There’s this Tell HN discussion on HackerNews—I’m 60 years old. Claude Code has re-ignited a passion.
This comment from burnstek.
50 here. Years ago I completely stopped coding, becoming tired of the never ending rat race of keeping up with the latest bizarre web stacks, frameworks for everything, node for this, npm for that, Angular, React, Vue, whatever – as if solving business problems just became too boring for software developers, so we decided to spend our cycles on the new hotness at every turn.
Tools like Claude Code are the ultimate cheat code for me and have breathed new life into my desire to create. I know more than enough about architecture and coding to understand the plumbing and effectively debug, yet I don’t have to know or care about implementation details. It’s almost an unfair unlock.
It’ll also be good to see leetcode die.
This comment from bartread.
Same age, same situation.
I got completely fed up of continually having to learn new incantations to do the same shit I’ve been doing for decades without enough of a value add on top. I know what I want to build, and I know how to architect and structure it, but it’s simply not a good investment of my increasingly limited time to learn the umpteenth way to type code in simply to display text, data, and images on the web – especially when I know that knowledge will be useful for maybe, if I’m lucky, a handful of years before I have to relearn it again for some other opinionated framework.
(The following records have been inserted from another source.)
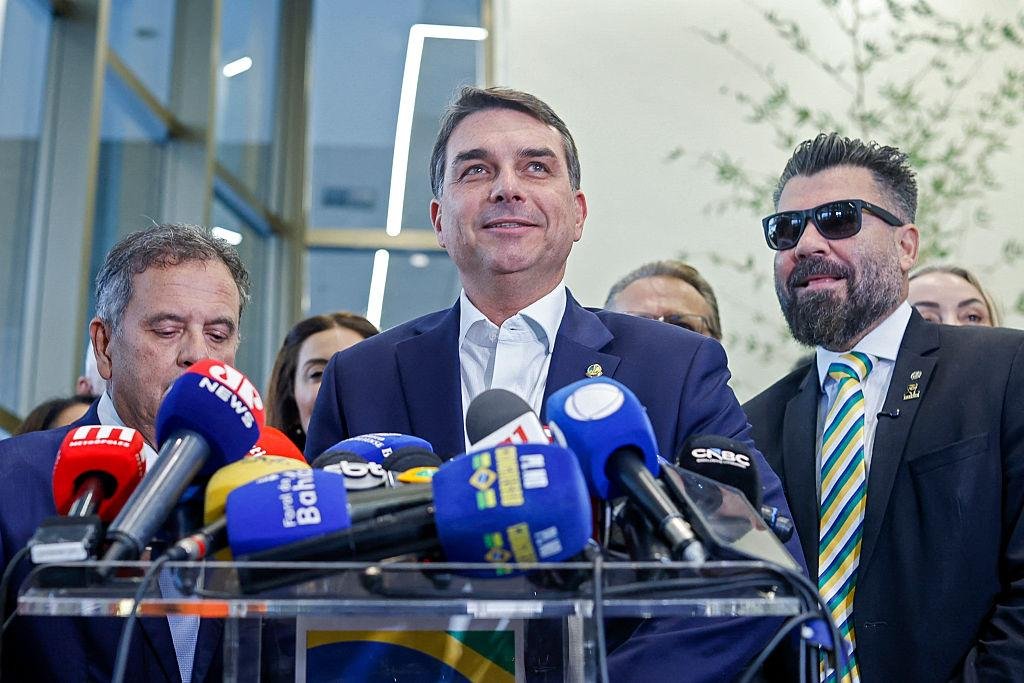 Flávio Bolsonaro durante entrevista sobre as eleições de 2026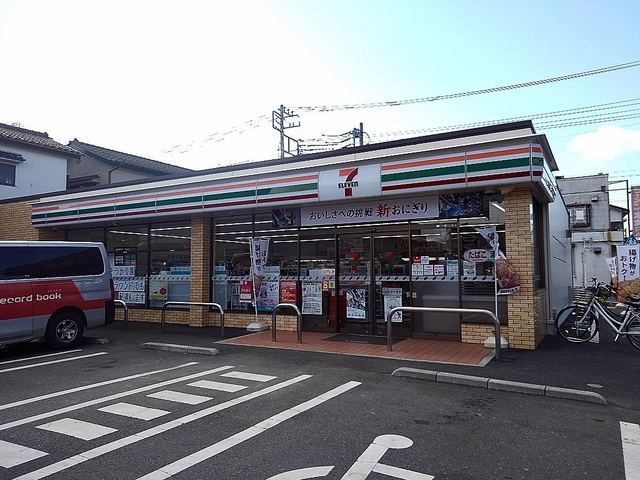 コンビニ　セブンイレブンそうか公園通店（コンビニ）まで550m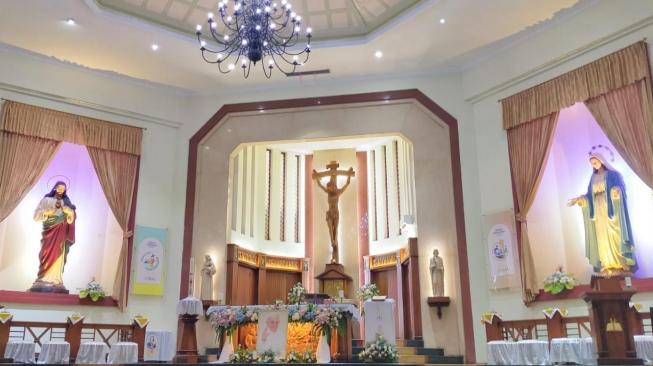 The altar of St. Joseph, Matraman, East Jakarta [TheIndonesia.co/CNR ukirsari]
It’s just not interesting and I’ve become increasingly resentful of and uninterested in wasting time on it.
Claude, on the other hand, is a massive force multiplier that enables me to focus on the parts of software development I do enjoy: solving the problems without the bother of having to type it all in (like, in days of old, I’d already solved the problem before my fingers touched the keyboard but the time-consuming bit was always typing it all in, testing and debugging – all of that is now faster but especially the typing part), focussing on use cases and user experience.
And I don’t ever have to deal directly with CSS or Tailwind: I simply describe the way I want things to look and that’s how the end up looking.
It’s – so far at any rate – the ultimate in declarative programming. It’s awesome, and it means I can really focus on the quality of the solution, which I’m a big fan of.
It is an interesting insight for me to see how the older generation of programmers who got tired of the ever updating tech stack, especially in web development, are now perceiving the latest AI coding assistants.